Federal Government’s domestic debt rose to N77.81 trillion as of September 2025, reflecting the Federal Government’s continued reliance on the local debt market.
This is according to the latest data published by the Debt Management Office (DMO) on its official website.
The figure highlights the dominance of federal bonds in the country’s domestic debt profile and underscores the government’s strategy of blending long-term and short-term borrowing instruments.
The September 2025 figure marks a significant increase compared to N1.707 trillion recorded in the second quarter of 2025 (April–June), based on the DMO’s disclosure. Federal bonds, treasury bills, and smaller allocations across Sukuk, savings bonds, green bonds, and promissory notes account for the bulk of the total.
The breakdown provides insight into how the Federal Government structures its borrowing mix to meet funding and liquidity needs.
What the data is saying
The latest DMO data shows that FGN Bonds account for the largest share of Nigeria’s domestic debt stock. They make up roughly 80 percent of the total portfolio.
- FGN Bonds stand at N61.9 trillion, representing about 80 percent of total domestic debt.
- Within this, FGN Naira Bonds account for N60.64 trillion, while US dollar-denominated bonds account for N1.35 trillion.
- Nigerian Treasury Bills amount to N12.68 trillion, representing 16.3 percent of total domestic debt.
- Sukuk bonds are valued at N1.29 trillion.
FGN Savings Bonds amount to N97.46 billion, representing 0.13 percent of the portfolio, while FGN Green Bonds stand at N62.36 billion, accounting for 0.08 percent. Promissory Notes total N1.69 trillion, or 2.17 percent of outstanding instruments, with N431.22 billion naira-denominated and N1.25 trillion foreign currency-denominated.
The data indicate that conventional bonds and treasury bills remain the dominant instruments in Nigeria’s domestic debt structure, while specialised instruments such as green bonds and savings bonds still account for a relatively small share.
More Insights
The composition of the domestic debt portfolio reflects the Federal Government’s borrowing strategy. Long-term instruments such as FGN Bonds provide stable funding over extended maturities, while treasury bills help manage short-term liquidity requirements.
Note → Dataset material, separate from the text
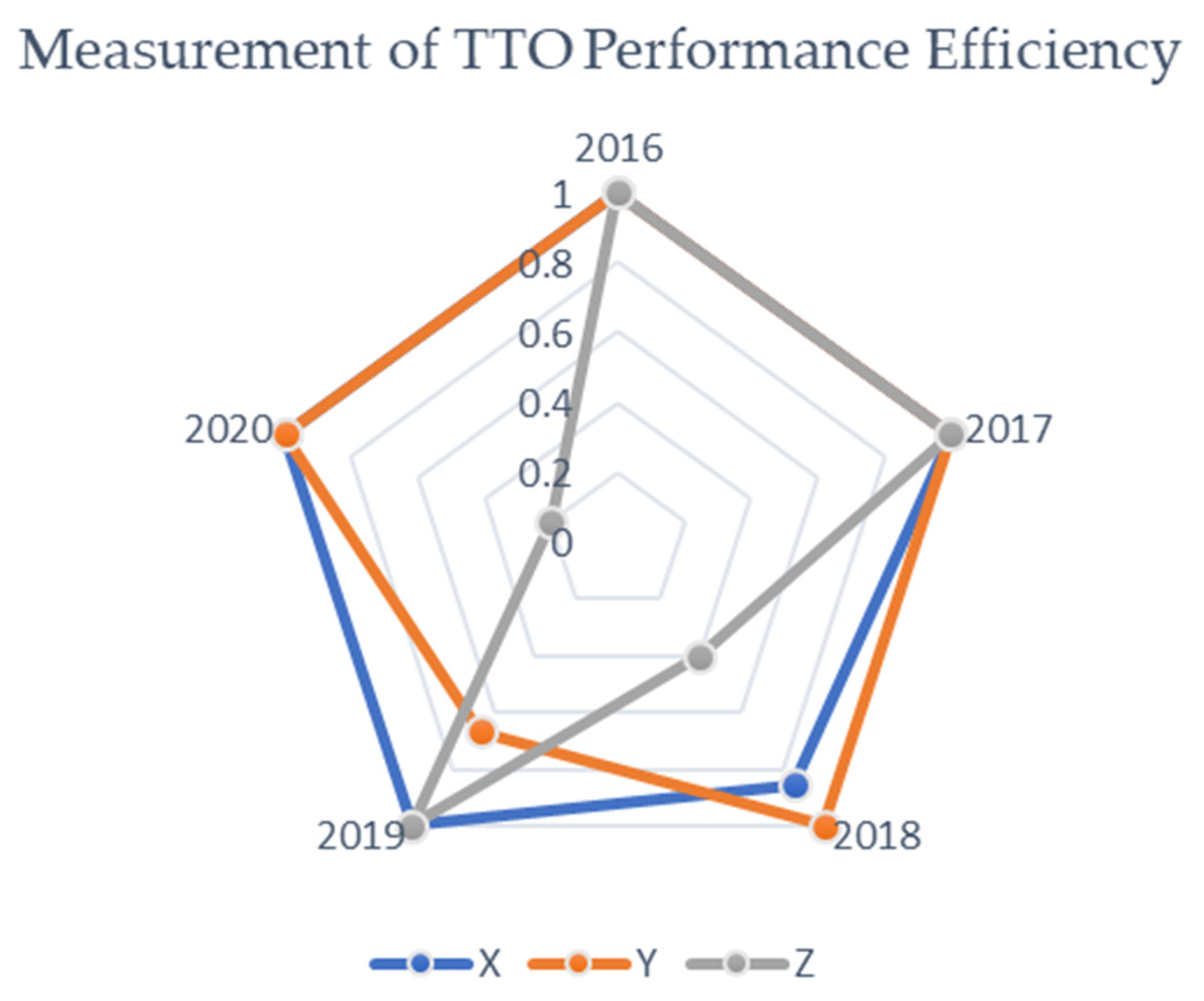 Asi 05 00021 g003 Asi 05 00021 g003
- FGN Savings Bonds are primarily targeted at retail investors and small savers, offering accessible entry points into government securities and deepening domestic investor participation.
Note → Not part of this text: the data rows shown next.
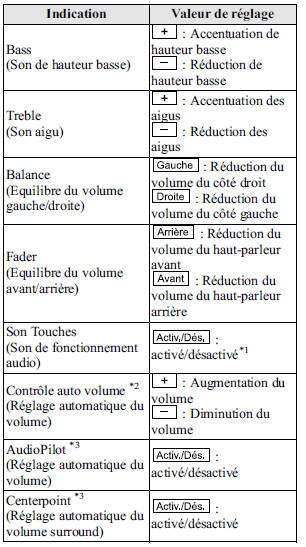 Réglage du mode audio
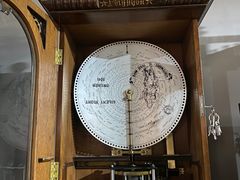 -旅顺留声机博物馆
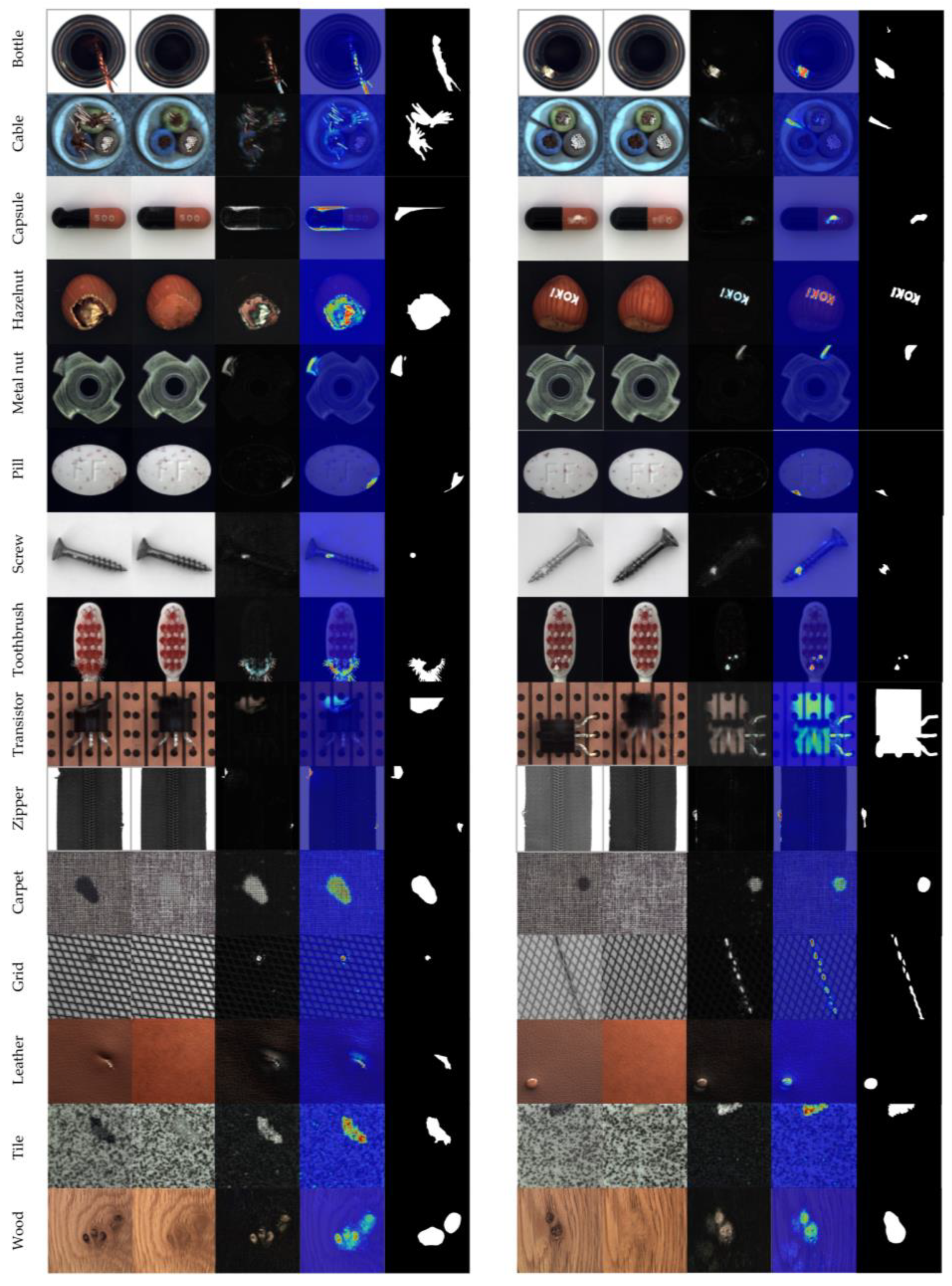 Sensors 23 00355 g008 550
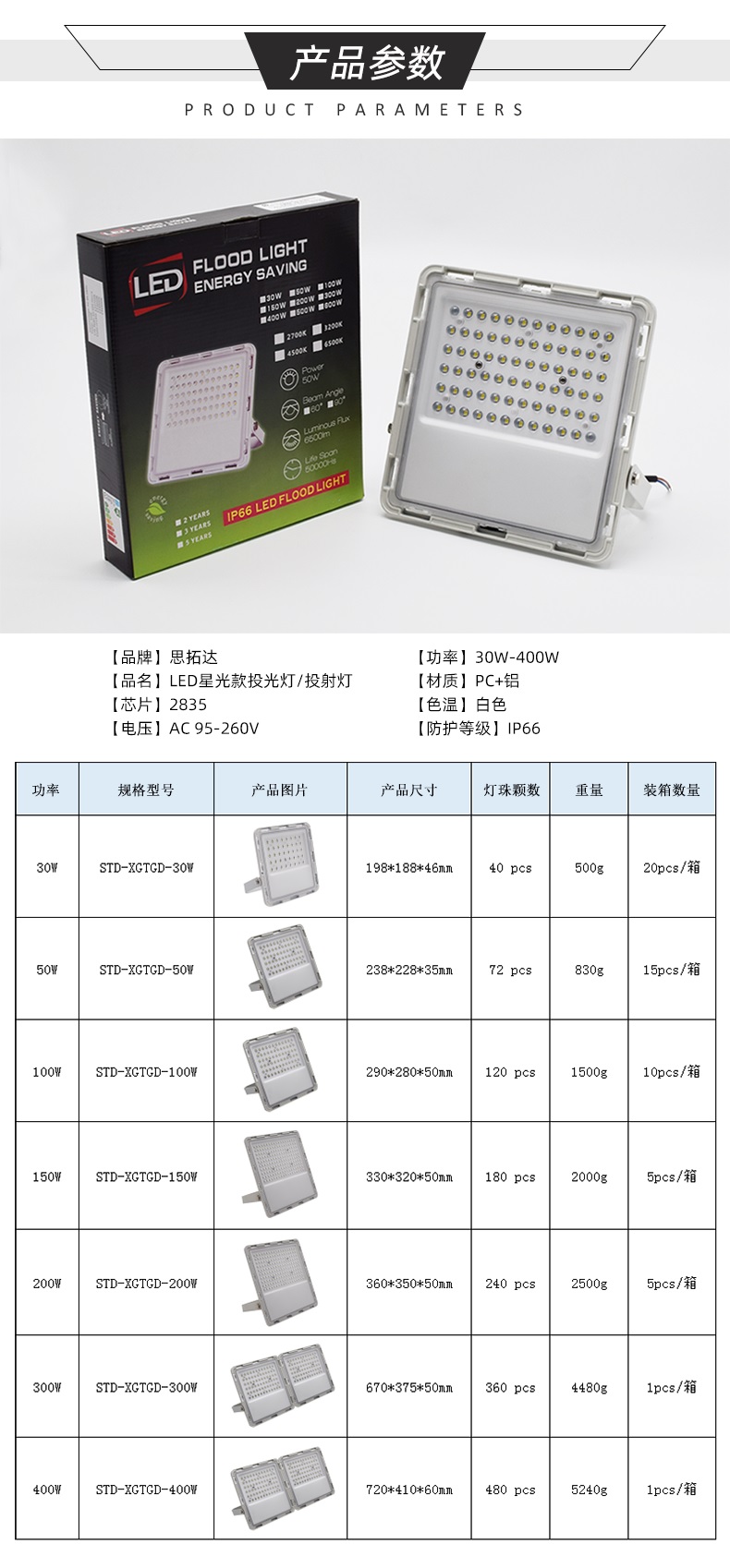 LED投光灯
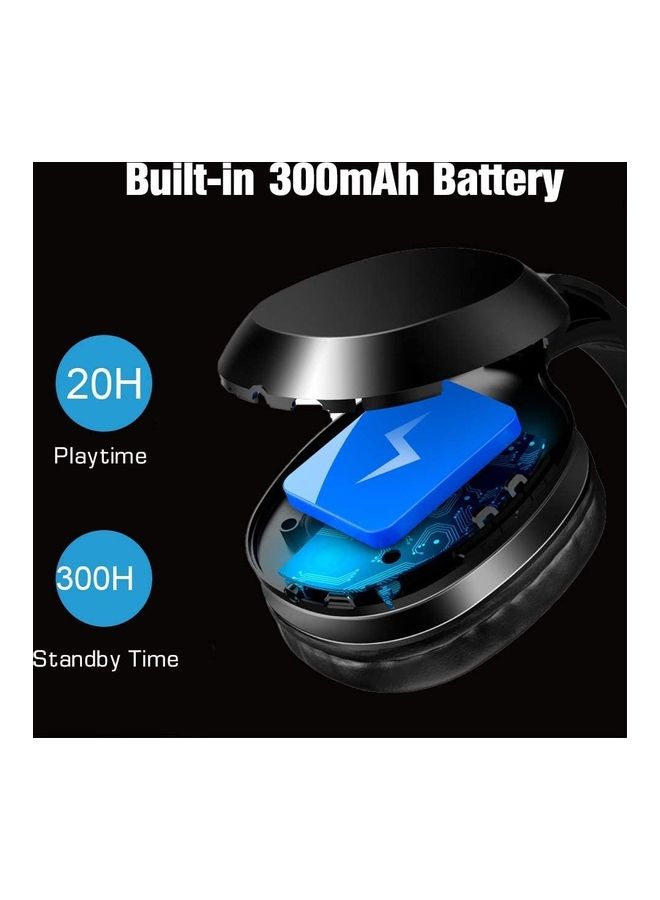 Lenovo - HD100 Bluetooth Over-Ear Headphone Black - Image 1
- FGN Green Bonds are earmarked for environmentally sustainable projects, including renewable energy, climate adaptation, and conservation initiatives.
- Sukuk bonds are structured to comply with non-interest financing principles and are often used to fund infrastructure projects.
- Promissory Notes are typically issued to settle verified legacy obligations, including contractor arrears and other approved liabilities, converting them into structured debt.
Although green bonds and savings bonds represent a small fraction of the total portfolio, their presence signals efforts to diversify funding sources and broaden investor participation in the domestic market.
What you should know
The DMO released the Q3 2025 domestic debt data shortly after Nairametrics published a report titled “Why is DMO hoarding Public Debt data?” which questioned the delay in the agency’s disclosure.
- Prior to the release, the DMO had not published Nigeria’s public debt data as of September 2025.
- Based on its established publication pattern, the figures are typically released around December each year.
- The data is usually made available before the Christmas break and ahead of year-end, when analysts update their annual financial models.
The eventual release of the Q3 2025 figures provides clarity on Nigeria’s domestic debt position and offers analysts, investors, and policymakers updated insight into the structure and scale of the Federal Government’s borrowing within the local market.